DatabaseLockBackend for example does this:

  /**
   * Constructs a new DatabaseLockBackend.
   *
   * @param \Drupal\Core\Database\Connection $database
   *   The database connection.
   */
  public function __construct(Connection $database) {
    // __destruct() is causing problems with garbage collections, register a
    // shutdown function instead.
    drupal_register_shutdown_function([$this, 'releaseAll']);
    $this->database = $database;
  }

So acquiring a lock at the beginning of the request, this will then run at the end of the request after all post response tasks have run, clearing out every lock that was acquired.

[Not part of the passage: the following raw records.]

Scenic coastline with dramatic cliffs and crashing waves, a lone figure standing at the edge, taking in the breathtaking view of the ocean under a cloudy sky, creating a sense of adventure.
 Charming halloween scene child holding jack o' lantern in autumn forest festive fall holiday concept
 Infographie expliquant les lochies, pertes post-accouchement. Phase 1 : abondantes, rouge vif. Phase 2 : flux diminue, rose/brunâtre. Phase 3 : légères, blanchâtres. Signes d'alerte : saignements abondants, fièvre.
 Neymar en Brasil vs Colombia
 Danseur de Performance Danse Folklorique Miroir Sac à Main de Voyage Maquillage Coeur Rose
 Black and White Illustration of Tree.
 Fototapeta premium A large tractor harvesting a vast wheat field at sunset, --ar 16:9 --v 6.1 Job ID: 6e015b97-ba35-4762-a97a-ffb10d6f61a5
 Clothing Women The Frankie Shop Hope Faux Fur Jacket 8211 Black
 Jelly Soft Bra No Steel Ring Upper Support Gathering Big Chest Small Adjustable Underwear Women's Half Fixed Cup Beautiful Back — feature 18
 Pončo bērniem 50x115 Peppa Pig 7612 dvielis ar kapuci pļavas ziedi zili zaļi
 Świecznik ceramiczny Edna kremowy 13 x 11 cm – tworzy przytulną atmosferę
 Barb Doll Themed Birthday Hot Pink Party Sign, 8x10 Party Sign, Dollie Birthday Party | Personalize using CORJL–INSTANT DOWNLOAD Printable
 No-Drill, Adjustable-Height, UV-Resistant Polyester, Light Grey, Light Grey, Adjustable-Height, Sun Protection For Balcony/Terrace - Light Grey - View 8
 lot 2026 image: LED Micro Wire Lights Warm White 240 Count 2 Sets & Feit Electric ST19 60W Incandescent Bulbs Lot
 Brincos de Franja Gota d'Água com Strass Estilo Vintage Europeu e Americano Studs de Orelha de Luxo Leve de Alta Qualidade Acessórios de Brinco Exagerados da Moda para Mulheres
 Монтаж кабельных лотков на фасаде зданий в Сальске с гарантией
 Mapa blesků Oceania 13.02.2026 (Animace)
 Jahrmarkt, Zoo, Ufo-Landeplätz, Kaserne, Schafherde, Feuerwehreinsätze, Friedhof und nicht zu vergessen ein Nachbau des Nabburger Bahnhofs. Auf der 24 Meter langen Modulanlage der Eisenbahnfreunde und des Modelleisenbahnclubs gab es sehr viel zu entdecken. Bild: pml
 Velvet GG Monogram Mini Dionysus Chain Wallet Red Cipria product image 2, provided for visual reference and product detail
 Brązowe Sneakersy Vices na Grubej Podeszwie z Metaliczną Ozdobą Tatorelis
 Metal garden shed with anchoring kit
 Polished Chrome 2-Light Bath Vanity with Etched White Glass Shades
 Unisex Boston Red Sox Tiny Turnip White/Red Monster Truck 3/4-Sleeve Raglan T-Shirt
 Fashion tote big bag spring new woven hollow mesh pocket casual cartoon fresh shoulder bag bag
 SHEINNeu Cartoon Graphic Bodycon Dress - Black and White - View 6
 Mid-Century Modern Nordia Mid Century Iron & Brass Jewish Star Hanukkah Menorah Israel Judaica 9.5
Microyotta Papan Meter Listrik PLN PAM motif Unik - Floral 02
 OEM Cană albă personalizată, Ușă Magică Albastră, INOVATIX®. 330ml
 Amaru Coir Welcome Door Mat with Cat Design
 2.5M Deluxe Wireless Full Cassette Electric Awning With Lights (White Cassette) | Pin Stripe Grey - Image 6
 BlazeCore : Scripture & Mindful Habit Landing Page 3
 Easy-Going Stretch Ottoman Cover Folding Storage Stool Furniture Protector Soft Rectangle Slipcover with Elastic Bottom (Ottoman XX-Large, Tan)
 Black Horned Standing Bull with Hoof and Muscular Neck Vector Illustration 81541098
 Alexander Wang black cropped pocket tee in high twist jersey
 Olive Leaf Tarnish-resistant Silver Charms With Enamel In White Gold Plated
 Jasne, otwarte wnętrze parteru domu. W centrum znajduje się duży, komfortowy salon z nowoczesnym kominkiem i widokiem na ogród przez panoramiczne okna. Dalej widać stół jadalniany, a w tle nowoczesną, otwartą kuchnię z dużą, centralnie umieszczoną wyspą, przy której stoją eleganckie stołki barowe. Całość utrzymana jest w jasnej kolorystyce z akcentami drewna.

It's mostly a safety catch so that a request can't hold a lock even after it's finished (say if there's a fatal error before the lock can be released) but happens to do exactly what we need here.

The patch is using the default values for ::acquire() and ::wait() which means it's acquired for 30 seconds. Lock:wait() intelligently handles polling while it's waiting (i.e. it starts with millseconds and ends up at hundreds of milliseconds), so that works for making sure we wait the minimum time necessary.

bradjones1’s picture

Ahhh, yeah, OK. That makes sense and appreciate the clarification. I think a comment that states how it works is helpful here for maintainability. Thanks.

spokje’s picture

Status: Needs review » Reviewed & tested by the community

This seems ready for core comitters review, and is IMHO a much more deterministic way then whacking sleep(1) into tests.

  • catch committed 1debb398 on 11.x
    Issue #3375959 by znerol, catch, bradjones1: Add a way to delay...
catch’s picture

Status: Reviewed & tested by the community » Fixed

Committed 1debb39 and pushed to 11.x. Thanks!

Status: Fixed » Closed (fixed)

Automatically closed - issue fixed for 2 weeks with no activity.